Hi,
I’m training roberta-base using HF Trainer, but it’s stuck at the starting itself. Here’s my code -
train_dataset[0]
{'input_ids': tensor([ 0, 100, 657, ..., 1, 1, 1]),
'attention_mask': tensor([1, 1, 1, ..., 0, 0, 0]),
'labels': tensor(0)}
val_dataset[0]
{'input_ids': tensor([ 0, 11094, 14, ..., 1, 1, 1]),
'attention_mask': tensor([1, 1, 1, ..., 0, 0, 0]),
'labels': tensor(0)}
## simple test
model(train_dataset[:2]['input_ids'], attention_mask = train_dataset[:2]['attention_mask'], labels=train_dataset[:2]['labels'])

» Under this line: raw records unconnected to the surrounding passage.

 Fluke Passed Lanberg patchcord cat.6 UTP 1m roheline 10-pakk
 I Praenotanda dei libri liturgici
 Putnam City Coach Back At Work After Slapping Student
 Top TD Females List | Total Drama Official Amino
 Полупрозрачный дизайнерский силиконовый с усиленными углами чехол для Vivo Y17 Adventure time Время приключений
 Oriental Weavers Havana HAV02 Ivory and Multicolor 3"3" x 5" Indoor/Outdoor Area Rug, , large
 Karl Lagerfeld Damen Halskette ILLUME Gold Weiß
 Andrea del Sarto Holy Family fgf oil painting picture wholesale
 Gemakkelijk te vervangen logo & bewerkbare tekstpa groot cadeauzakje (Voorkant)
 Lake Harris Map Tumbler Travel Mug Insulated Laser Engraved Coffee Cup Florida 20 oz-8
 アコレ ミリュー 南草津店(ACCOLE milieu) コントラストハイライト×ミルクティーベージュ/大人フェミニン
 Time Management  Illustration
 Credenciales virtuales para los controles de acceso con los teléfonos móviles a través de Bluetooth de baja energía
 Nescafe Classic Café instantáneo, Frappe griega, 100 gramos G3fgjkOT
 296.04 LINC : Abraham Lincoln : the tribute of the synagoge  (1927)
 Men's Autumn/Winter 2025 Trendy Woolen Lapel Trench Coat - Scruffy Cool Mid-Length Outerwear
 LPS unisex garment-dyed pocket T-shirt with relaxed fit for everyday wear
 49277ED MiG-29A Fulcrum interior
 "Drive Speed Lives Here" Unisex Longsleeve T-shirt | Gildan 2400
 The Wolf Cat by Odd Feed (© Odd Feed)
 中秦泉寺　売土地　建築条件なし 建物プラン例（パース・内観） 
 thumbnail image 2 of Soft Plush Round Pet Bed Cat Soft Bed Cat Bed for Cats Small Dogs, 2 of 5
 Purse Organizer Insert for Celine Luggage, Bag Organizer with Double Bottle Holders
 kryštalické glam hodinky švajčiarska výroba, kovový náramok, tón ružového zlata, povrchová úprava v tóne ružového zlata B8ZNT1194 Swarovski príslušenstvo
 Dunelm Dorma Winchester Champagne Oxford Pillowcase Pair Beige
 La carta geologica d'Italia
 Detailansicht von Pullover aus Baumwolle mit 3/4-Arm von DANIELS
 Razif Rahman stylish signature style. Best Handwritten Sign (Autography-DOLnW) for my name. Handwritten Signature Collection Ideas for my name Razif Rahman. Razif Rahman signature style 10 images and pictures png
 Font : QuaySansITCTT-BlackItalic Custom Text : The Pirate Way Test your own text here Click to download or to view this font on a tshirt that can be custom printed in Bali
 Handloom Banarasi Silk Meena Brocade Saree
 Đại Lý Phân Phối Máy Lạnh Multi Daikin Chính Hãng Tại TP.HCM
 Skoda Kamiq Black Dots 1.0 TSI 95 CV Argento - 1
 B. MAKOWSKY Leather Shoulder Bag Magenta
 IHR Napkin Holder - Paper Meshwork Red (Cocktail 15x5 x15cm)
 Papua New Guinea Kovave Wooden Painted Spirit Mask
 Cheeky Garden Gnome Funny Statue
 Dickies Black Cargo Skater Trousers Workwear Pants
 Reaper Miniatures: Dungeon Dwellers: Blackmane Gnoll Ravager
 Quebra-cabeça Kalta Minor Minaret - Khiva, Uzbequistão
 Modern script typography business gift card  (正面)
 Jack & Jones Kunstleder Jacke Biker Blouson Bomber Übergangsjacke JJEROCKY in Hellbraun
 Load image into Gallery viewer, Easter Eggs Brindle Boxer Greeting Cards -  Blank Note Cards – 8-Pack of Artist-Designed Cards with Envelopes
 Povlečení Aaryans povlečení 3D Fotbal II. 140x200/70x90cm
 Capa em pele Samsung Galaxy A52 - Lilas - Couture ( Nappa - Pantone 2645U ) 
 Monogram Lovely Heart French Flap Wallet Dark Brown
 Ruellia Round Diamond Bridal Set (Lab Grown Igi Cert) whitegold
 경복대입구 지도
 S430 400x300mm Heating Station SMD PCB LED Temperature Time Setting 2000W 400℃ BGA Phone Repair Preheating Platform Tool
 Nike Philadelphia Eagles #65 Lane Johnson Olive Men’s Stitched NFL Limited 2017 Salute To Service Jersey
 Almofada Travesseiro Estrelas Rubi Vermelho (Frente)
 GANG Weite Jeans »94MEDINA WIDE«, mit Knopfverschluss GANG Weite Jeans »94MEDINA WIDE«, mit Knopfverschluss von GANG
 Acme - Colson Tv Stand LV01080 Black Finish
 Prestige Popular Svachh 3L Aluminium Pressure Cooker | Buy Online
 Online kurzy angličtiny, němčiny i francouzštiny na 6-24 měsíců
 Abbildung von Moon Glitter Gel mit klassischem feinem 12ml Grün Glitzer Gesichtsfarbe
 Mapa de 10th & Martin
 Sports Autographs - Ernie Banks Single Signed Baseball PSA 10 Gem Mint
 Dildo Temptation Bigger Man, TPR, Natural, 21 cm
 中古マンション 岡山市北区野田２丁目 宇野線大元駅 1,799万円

SequenceClassifierOutput(loss=tensor(0.6995, grad_fn=<NllLossBackward>), logits=tensor([[ 0.0438, -0.1893],
[ 0.0530, -0.1786]], grad_fn=<AddmmBackward>), hidden_states=None, attentions=None)
train_args = transformers.TrainingArguments(
output_dir='test_1',
overwrite_output_dir=True,
evaluation_strategy="epoch",
per_device_train_batch_size=8,
per_device_eval_batch_size=8,
learning_rate=3e-5,
weight_decay=0.01,
num_train_epochs=2,
load_best_model_at_end=True,
)
trainer = transformers.Trainer(
model=model,
args=train_args,
train_dataset=train_dataset,
eval_dataset=val_dataset,
tokenizer=tok,
)
trainer.train()
I saw memory consumption and it is stuck at -
+-----------------------------------------------------------------------------+
| NVIDIA-SMI 450.51.06 Driver Version: 450.51.06 CUDA Version: 11.0 |
|-------------------------------+----------------------+----------------------+
| GPU Name Persistence-M| Bus-Id Disp.A | Volatile Uncorr. ECC |
| Fan Temp Perf Pwr:Usage/Cap| Memory-Usage | GPU-Util Compute M. |
| | | MIG M. |
|===============================+======================+======================|
| 0 Tesla V100-SXM2... On | 00000000:62:00.0 Off | 0 |
| N/A 49C P0 60W / 300W | 1756MiB / 32510MiB | 0% Default |
| | | N/A |
+-------------------------------+----------------------+----------------------+
| 1 Tesla V100-SXM2... On | 00000000:8A:00.0 Off | 0 |
| N/A 50C P0 61W / 300W | 1376MiB / 32510MiB | 0% Default |
| | | N/A |
+-------------------------------+----------------------+----------------------+
+-----------------------------------------------------------------------------+
| Processes: |
| GPU GI CI PID Type Process name GPU Memory |
| ID ID Usage |
|=============================================================================|
+-----------------------------------------------------------------------------+
Plz let me know how to proceed further…